As my hair muse, Sienna Miller, is going with mid-length hair this season, I went with longish. (I'm totally KIDDING about Sienna being my muse. She's not. Well, truthfully, she would be if I was a 105-pound millionaire.) It doesn't look much different, but it's shorter in back.

And there it is. It's a cute cut, though it needs a dye job something fierce.

(Jeez. Where did I get forehead wrinkles? At what point did I begin worrying about every damn thing, and thus furrowing my brow ALL THE TIME? I have always mocked the notion of injecting botulism into MY FACE, but perhaps there's something to all this. Note to self: Investigate multiple cosmetic surgeries.)
The new puppy and kitten are learning to like each other (NOTE: For the following pictures, please disregard Ugly Couch! It's not mine! Really! I'd never have a piece of crap like that in my house! My house is all hip and modern, and my furniture is all expensive and from Copenhagen!)

This is the biting and wrestling. It is very cute. It is generally followed shortly thereafter by the puppy yelps. (But she totally eggs it on.)

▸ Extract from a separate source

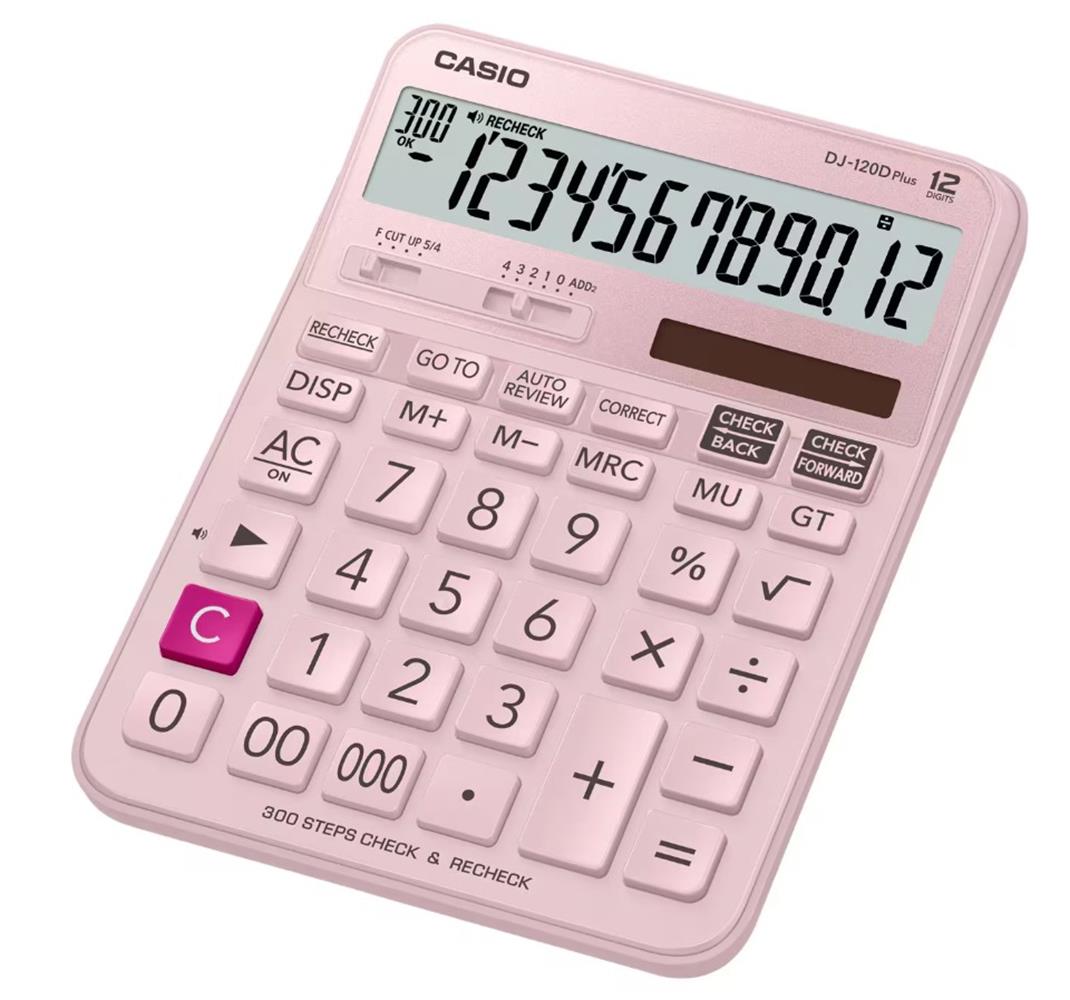 Casio Dj-120D Plus Pembe İşlem Kontrollü 12 Hane Masa Üstü Hesap Makinesi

Are all puppies stupid, by the way, or just Shi Tzus? To say this dog is not the sharpest tack in the box is a violent understatement. Seriously, I can take her to the potty, and she will poop on the floor like three minutes later, staring at me with that sweet but vacuous little expression. "Do you love me? Am I pretty? What's your name? What's my name? What's "potty?" I don't know! I just want to wiggle and lick you!"

However, I am glad that I have Curbie to whip her ass, since I feel guilty doing it.
George W. Bush has 666 days left in office!


(Which, come to think of it, I've been shouting at the TV since November of 2000 anyway.)


Karla said...

1. I think you need to say something to "carol" who is obviously a passive aggressive two faced bitch.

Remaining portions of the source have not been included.